In the mid-1990s, frustration with the Democrats for their continuation of neoliberal policies led to an upsurge in political activism, culminating in the formation of the Labor Party in 1996. This party was beginning to engage in a serious discussion about standing its own candidates, particularly in New York, and openly challenging Democrats’ claims to be “friends of labor”. To counter this, Democratic leaders and conservative union officials in New York State moved to undermine the Labor Party’s potential. Using New York’s unique electoral-fusion laws that allow third parties to transfer votes to mainstream candidates – but using their own ballot line – the WFP was formed in 1998. In almost every election since, the WFP has transferred its votes to Democrats, including Eliot Spitzer in 2006 and Barack Obama in 2008 and 2012 – though in a few cases the party has even endorsed Republicans!

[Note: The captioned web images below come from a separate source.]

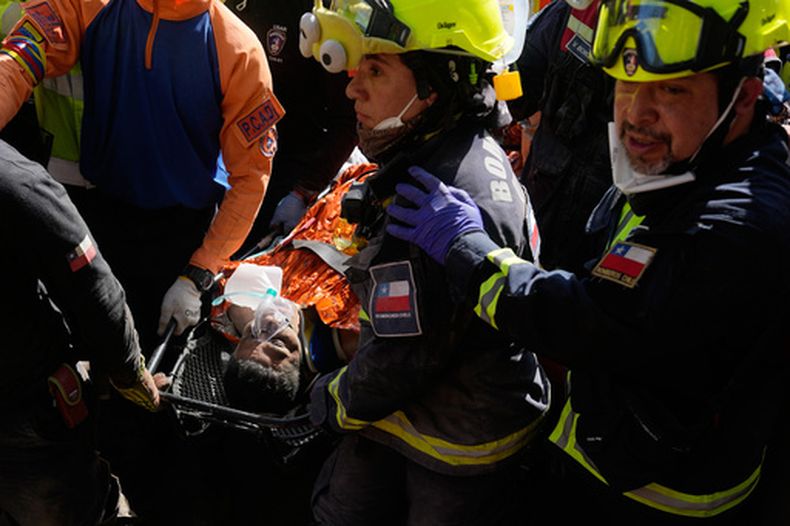 Rescatistas chilenos trasladan a Alberto Gil Flores tras ser rescatado de entre los escombros, ocho días después de quedar atrapado tras los sismos consecutivos ocurridos en Catia La Mar, Venezuela, el jueves 2 de julio de 2026. (AP Foto/Fernando Vergara)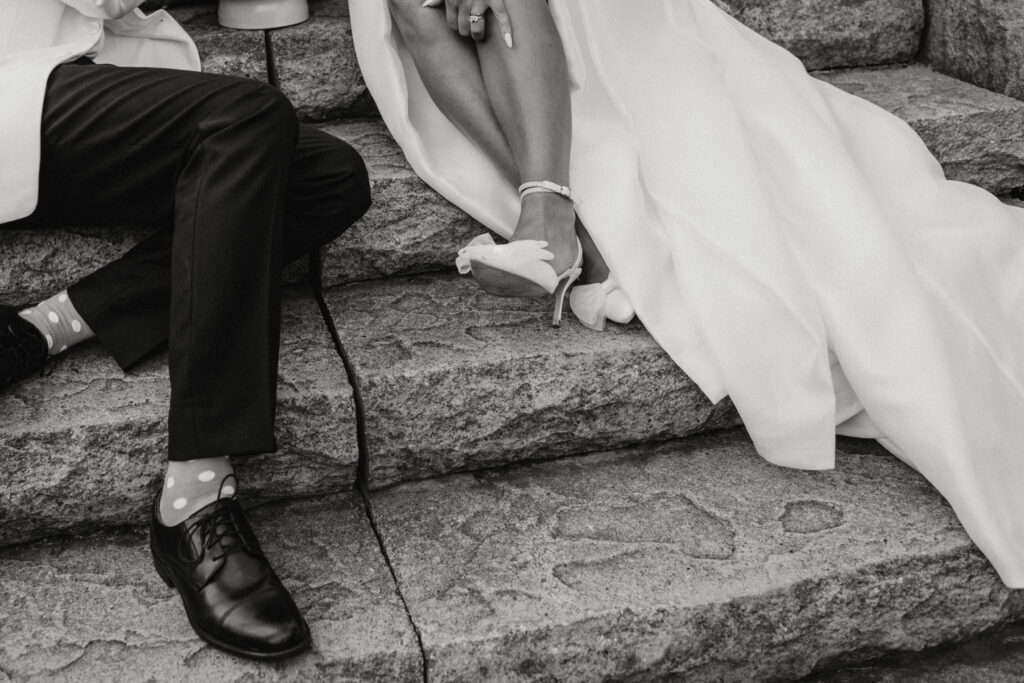 black and white detail photo during private moment with bride and groom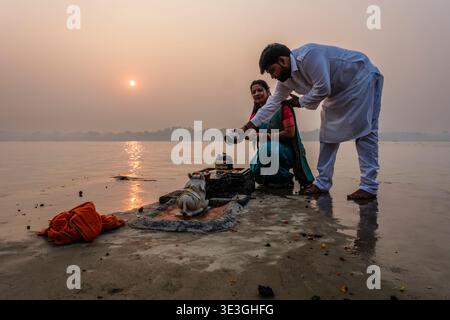 Un homme et une femme exécutent un rituel de l'eau sur un Shiva Lingam dans l'un des Ghats de Varanasi pendant le lever du soleil sur les rives du Gange. Banque D'Images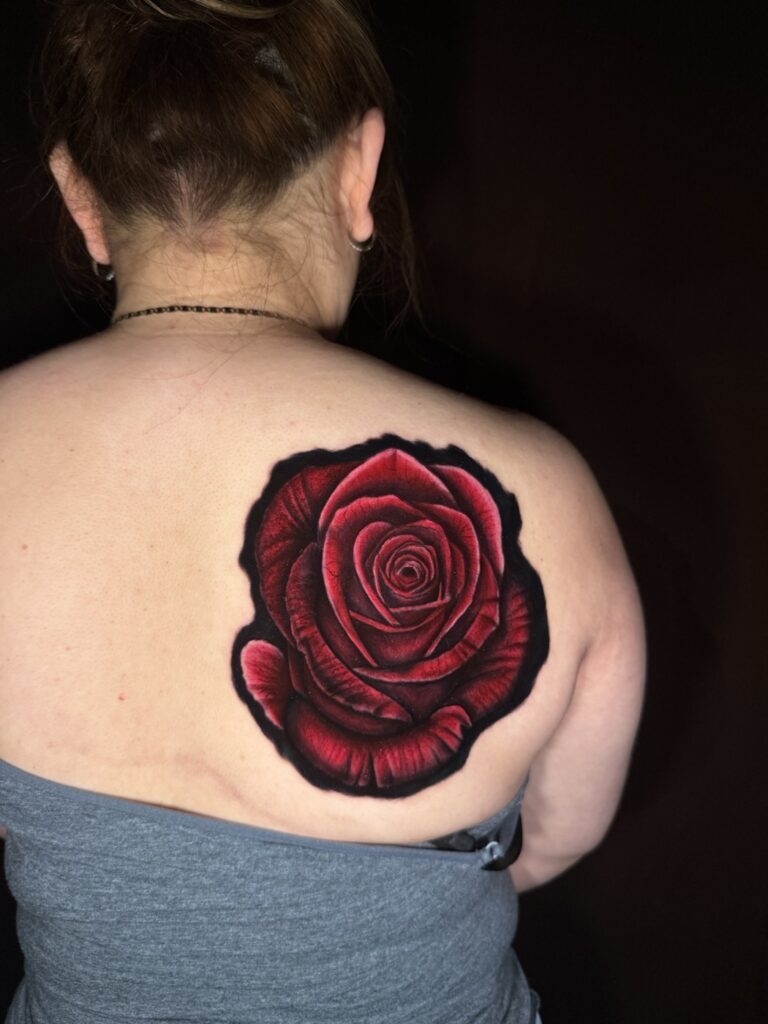 Full color realism rose tattoo on shoulder blade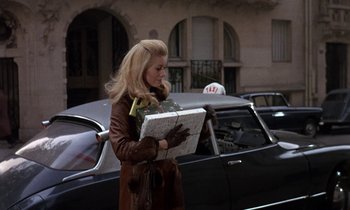 Movie still from “Belle de Jour” (1967), directed by Luis Buñuel – A woman walking down the street holding a suitcase; Medium shot, Over the shoulder angle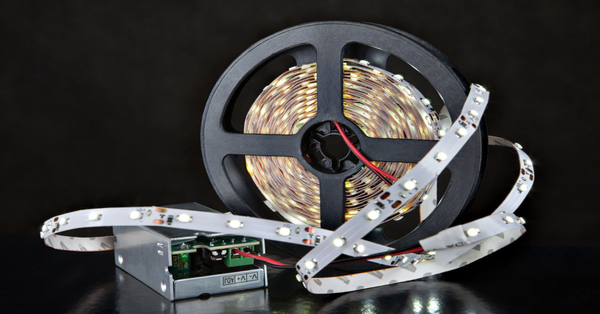 stock photo close up luminous led light strip on the reel near the voltage transformer converter on black 515372377 transformed 600x600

Insiders claim the WFP is working on a “30-year plan” to push Democrats left. But what working person can wait 30 years for meaningful change? Landlords won’t even wait till next month! WFP leaders’ push to re-endorse Cuomo reveals the true function of their organization: co-opting dissatisfied workers and activists back into the Democratic fold.
Howie Hawkins for New York Governor
To be clear, Andrew Cuomo’s “promises” – if enacted – would represent real gains for workers. Socialists fight tooth and nail for every improvement possible under capitalism, but we’re painfully well aware that no gain is won without struggle and no reform is permanent. Just this month a historic bill was passed in Seattle that will implement a city-wide minimum wage of $15 an hour by 2018. This huge breakthrough was achieved through a mass-action campaign spearheaded by Socialist Alternative and Seattle City Council member Kshama Sawant. Collective action outside of accepted channels, or the threat thereof, is the only way to get things done under capitalism. Without it Cuomo won’t fulfill the WFP’s hopes – the $30 million given to him by Wall Street is there to make sure that he doesn’t.
It is understandable why many are attracted to Zephyr Teachout’s campaign in the Democratic primary. Her campaign website states: “We will force Governor Cuomo to defend his record of deep education cuts, his tax cuts for banks and billionaires, his refusal to ban fracking, and his failure to lead on the Dream Act.”
We would argue, however, that the political fight for working people’s interests requires not just opposing Cuomo as a particularly odious right-of-center Democrat but opposing corporate politics in general. It is crucial to recognize that the Democratic Party is not a “big tent” that welcomes left ideas: it is a centrally controlled, corporate-funded party that traces its origins to Southern slaveholders. The longer left forces try to reform it from within, the longer they perpetuate illusions which have been shattered time and again. Even the recent example of Bill de Blasio in New York City shows the severe limitations faced by left populists in office. This is because establishment Democrats of all stripes refuse to countenance social struggle, the only way that real change is achieved.
What working people need is an independent political force to represent their interests. In the governor’s race, there is an independent left candidate, Howie Hawkins of the Green Party. A member of the Teamsters and a long-time fighter for workers’ rights, expanded public services, and environmental action, Hawkins puts the $15 minimum at the center of his platform, as well as a massive public works program and an end to hydro-fracking and charter-school expansion. He also takes zero money from corporations (see full platform here). For New York workers and youth fed up with the status Cuomo and with the WFP leadership for supporting him, Howie Hawkins and the 15 Now campaign provide a fighting alternative.